Starting with using Apache Tika as a library in Workplace Search, with a 20 MB download limit
Hacking around this limit and going up to 100 MB by leveraging the Elasticsearch Attachment Processor
Obliterating limits altogether and ingesting file content in the gigabytes with our new tool, the Data Extraction Service
Our aspirations for future evolution

Background

At Elastic, and specifically in the search team, we’ve had a long history of working to extract and retrieve textual data from binary data formats. So much enterprise data lives in PDFs, Microsoft Word documents, Powerpoint presentations, etc. If you’ve never tried to open one of these files with vim, nano, or cat, you might be surprised to know that these files are NOT stored as human-readable text on your hard drive.

The image above is what you get if you save the word “test” as a Microsoft Word 2007 (.docx) Document, on a Mac, from the TextEdit app, and then attempt to open it in nano.

Rather than delving into the minutia of different formats and their structures, the point here is just to establish that when we talk about “binary” content, this is what is being referred to. Something where the bytes are not actually human-readable strings - unlike in cases of .txt, .rtf, .md, .html, .csv, etc.

Why does this matter?

Relevance

Search relevance is at the core of just about everything we do at Elastic. For text search to be relevant, Elasticsearch really needs textual data. While I could absolutely base64 encode the above .docx contents and send them to Elasticsearch, they wouldn’t be very valuable in an index, and any query for the string “test” would not match such a document.

So if we want to enable good search experiences over enterprise data, we need to be able to get the plain-text contents out of these binary formats.

Enter Apache Tika. This open-source library has been the gold-standard of text extraction for my entire career (~2014), though it’s been around since at least 2007. Built on the JVM, Tika makes it relatively easy to:

Determine if a given sequence of bytes is garbage or matches a known format specification
If it matches any known format, identify which format it matches
If it matches a known format, parse the data according to that format, and extract text and metadata properties

So there’s a stable, industry standard tool that works for a wide variety of formats.
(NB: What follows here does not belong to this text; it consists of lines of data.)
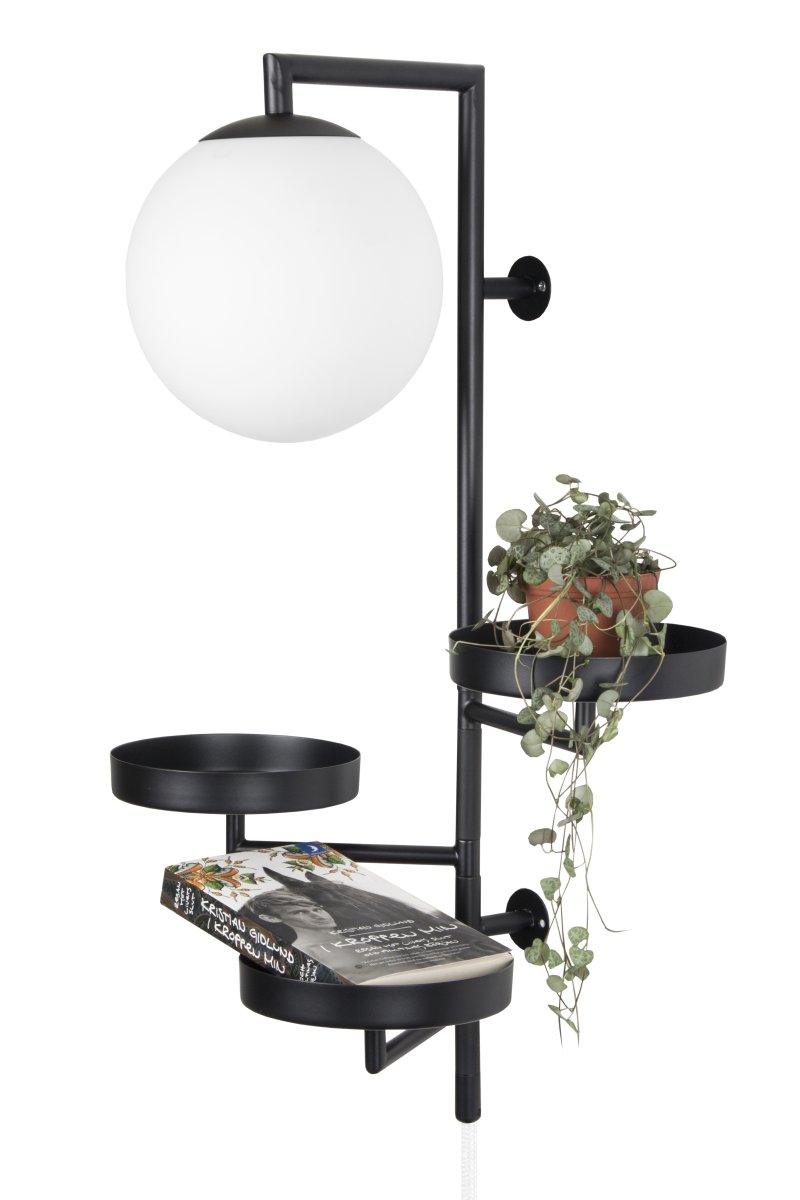 Astoria 62cm Noir applique murale De Globen Lighting - Les étagères et lampes Astoria allient fonctionnalité et design.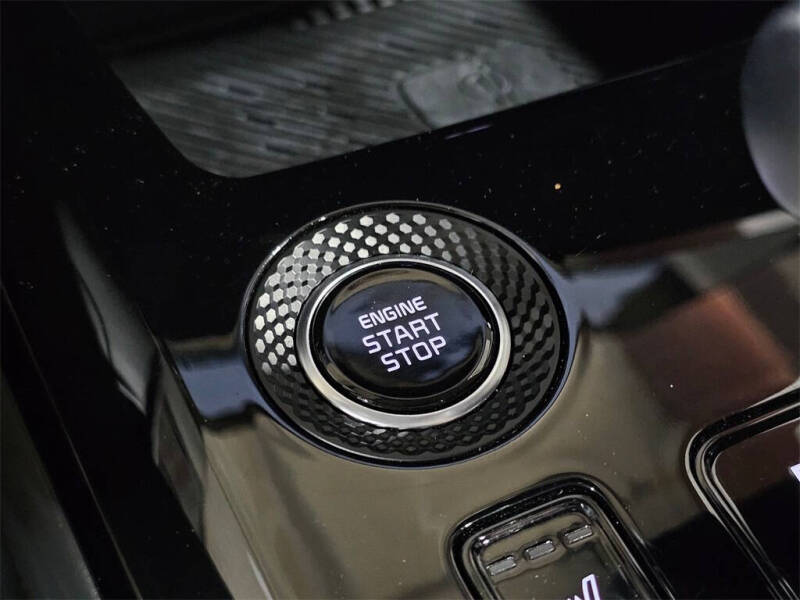 2024 Kia Niro EX Touring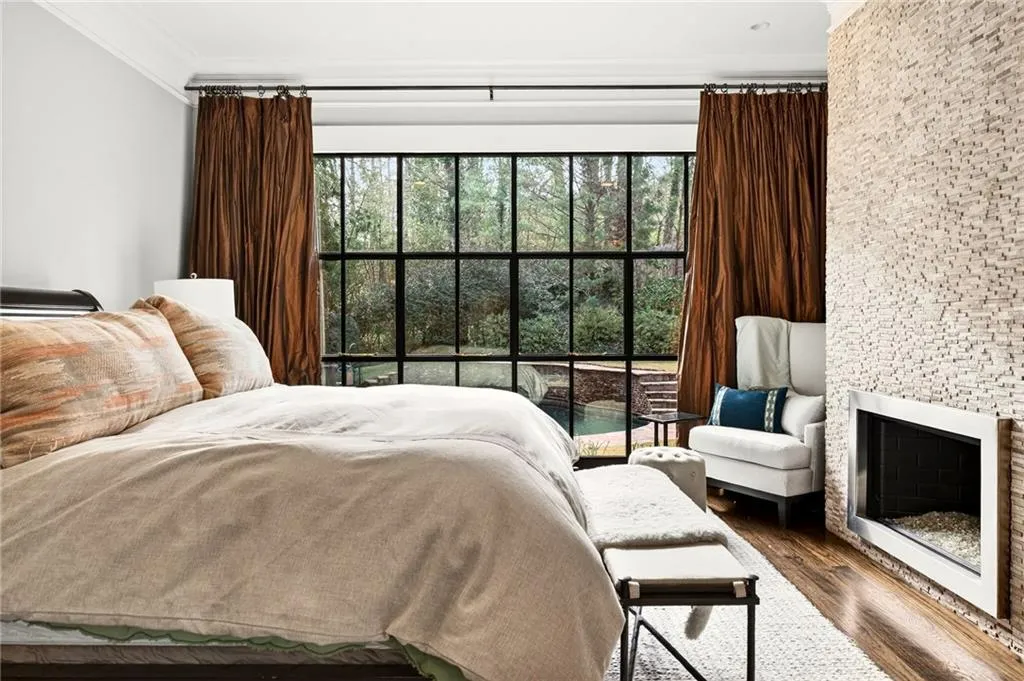 5759 Riverside Drive, Atlanta, Georgia 30327, 5 Bedrooms Bedrooms, ,5 BathroomsBathrooms,Residential,For Sale,5759 Riverside Drive,7721011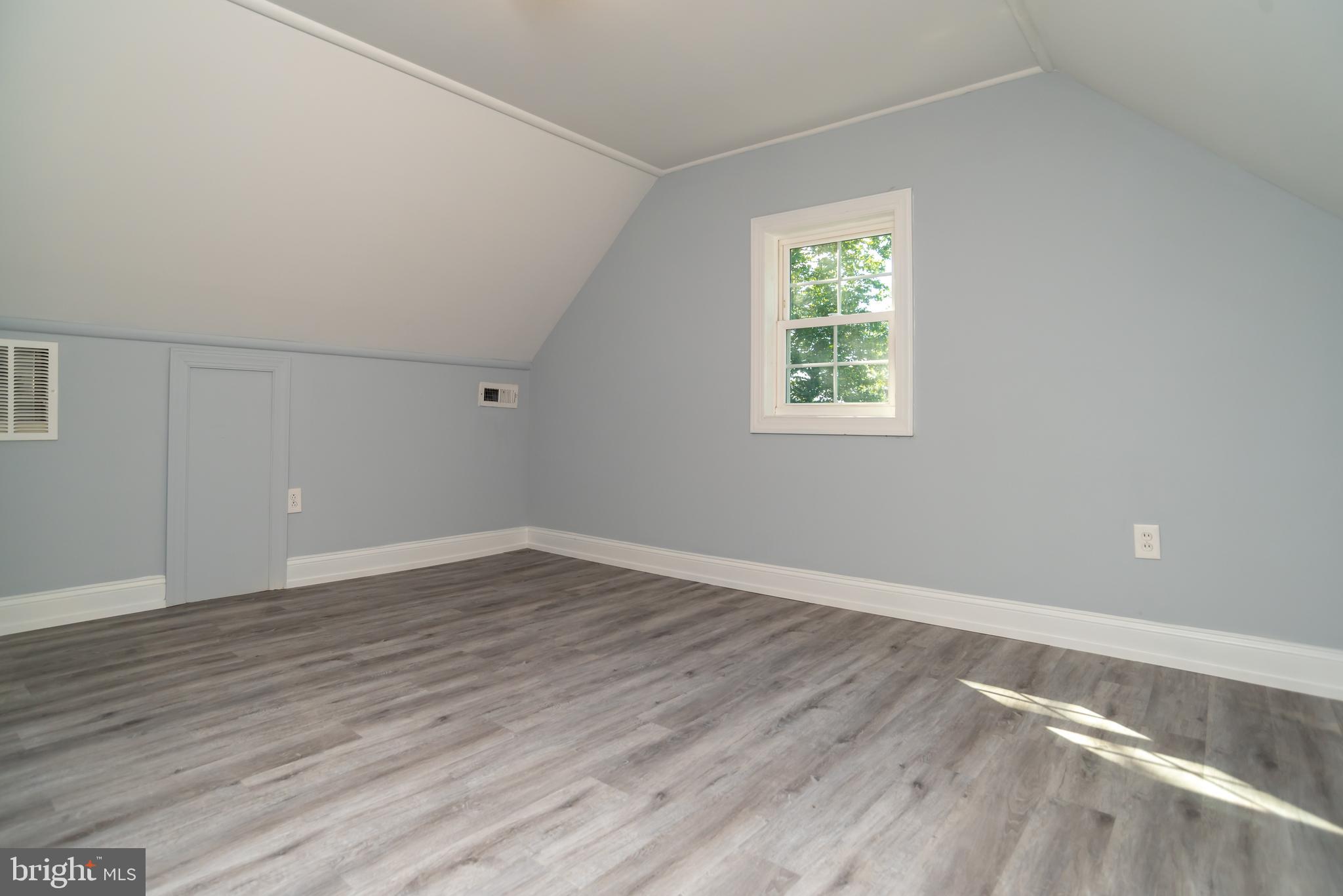 24 Greenbriar Road Levittown, PA 19057 - Photo 28 of 42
What’s the problem? Why is this topic worthy of a blog post?

Architecture, and performance.

At Elastic, we value Speed, SCALE, Relevance. We’ve already addressed relevance, somewhat, in noting that textual content is preferred over binary content when it comes to search. Next, let’s talk about scale.

Scale

In my above example of “test” in a .docx file, the file contents are 3.4KB. That same “test” string in a .txt file is only 4B. That’s a storage size increase of x850! Beyond that, when read into a Java object memory model (which Tika leverages for parsing), that’s likely to expand significantly. This means that memory concerns become very real at representative scales of data. It’s not uncommon to see PDFs that are MB large, and it’s not even unheard of to see PDFs that are GB large. Is all that data text data? Almost certainly not. One of my favorite factoids is that the entire novel, War and Peace by Tolstoy is only about 3MB of plain text. Hopefully there aren’t too many office documents out there that exceed 600k words. But even if the output plain text is practically guaranteed to be in the mere MB scale, that does NOT guarantee that your RAM requirement to parse the original file will be so low. Depending on the parser and how smart your code is at reading it, you may need to hold the entire file in-memory, in a Java object model. You may also need multiple copies of it. With the above in mind, this means that, in practice, you often need GB of RAM (“heap”, for Java/Tika specifically) to be able to ensure that a rogue large file does not crash your whole process.

Speed

Now, let’s talk about speed. If I have N documents to process, the fastest way to process them is to “parallelize” - processing multiple (or all) documents at once. This is influenced heavily by scale. If N=10, and a given document takes about 1 second to process, 10 seconds might not be that long to wait. But if N=1,000,000,000, 31 years is likely far too slow. So at large scales, larger parallelization is required.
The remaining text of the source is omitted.